12/7/2017 5:05:48 AM

How well do you know your customers? Do you know them by name, know where they work and what position they hold, know the names of their family and their interests outside of work? If you have any interaction with your customers at all, either in a marketing and sales function or as a customer service representative, you may be able to confidently say you know all about your customers. However, there is a difference in knowing about your customer – such as the facts I just listed – and knowing your customer… and your marketing should be built on the latter. Why? Because customers leave companies that don't engage them on a feeling level.

In an article titled The No. 1 Reason People Stay or Leave, business author Ken Dooley claims that 80% of defecting customers said they were "satisfied” or "very satisfied” in customer surveys just before they bolted for another vendor. Clearly there was a disconnect between what they were asked in a customer satisfaction survey and what they were feeling about the company they were about to leave. So why did they leave? 70% cited poor customer service and 60% cited an indifference shown towards them on the part of the salespeople. So how can it be that someone would fill out a customer satisfaction survey and give a company glowing reviews when they had a horrible customer service issue and felt like their sales rep didn’t care? The answer is rather simple. Most customer satisfaction surveys deal with the item purchased and avoid the relationships involved in the transaction. It can be that a person is happy with the product or service they are buying. They might believe they received a quality product at a good price, but they felt like they were less than valued as a customer.
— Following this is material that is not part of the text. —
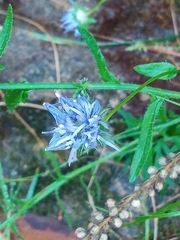 Jasione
It is this feeling, emotional level that is the tipping point for the majority of customers.

There are typically four reasons a customer will leave you: poor quality, too high of a price, took too long to deliver a product, and they did not get along with the people inside the company (typically sales and customer service reps). If you mess with any one of these four pillars of retaining customers, you risk losing them. Get two of them wrong and you most definitely will lose your clients.
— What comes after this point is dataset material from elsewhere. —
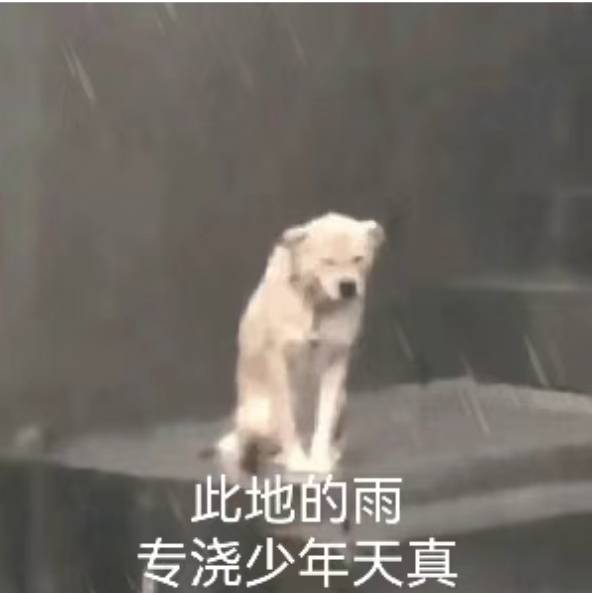 女装口袋太浅的报应还是降临到我身上了，一摸发现早上揣口袋里的一小盒小卡不翼而飞。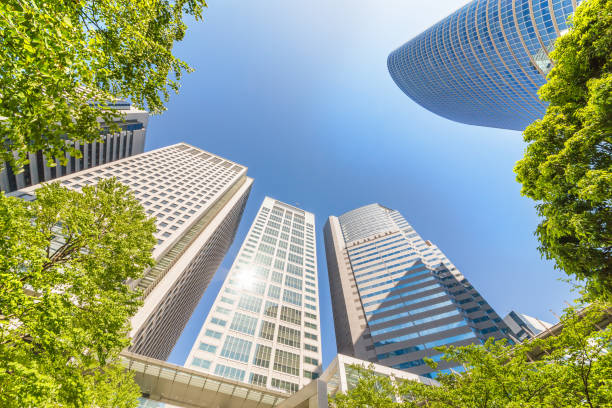 istock Fresh green and skyscrapers 968083702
Here is where both sales and customer service become part of your marketing equation. You must understand customer expectations, especially when it comes to their values, their attitudes, and the choices they have beyond your product and services. That requires you to get to know more than just facts about your customers, it means you have to get to know them on a feeling level. For instance, customer attitudes can change. Do you know when a shift in their thinking is happening? If you do, you will know how to shuffle your marketing to accommodate this shift. If you don’t know what they are thinking, they will perceive you as not caring about them. How do you do this? First, if you are doing customer satisfaction surveys, I would encourage you to leave space for open ended questions. You will get at the heart of what your customer is thinking if you let them tell you what they are feeling rather than just click a box under a set of customer satisfaction questions you have already written for them. Second, if you are in a business that sells face-to-face, such as an outside sales person would do, take account of what is happening with your customers. Ask questions that probe beneath the surface. It will mean that you might get more customer complaints than you would if you just steered clear of the situation. But you have to look at every complaint as an opportunity to retain a customer rather than it being a bother to your day. If you solve the problem, use the solution as a marketing tool. The solution becomes the new and improved version of your brand.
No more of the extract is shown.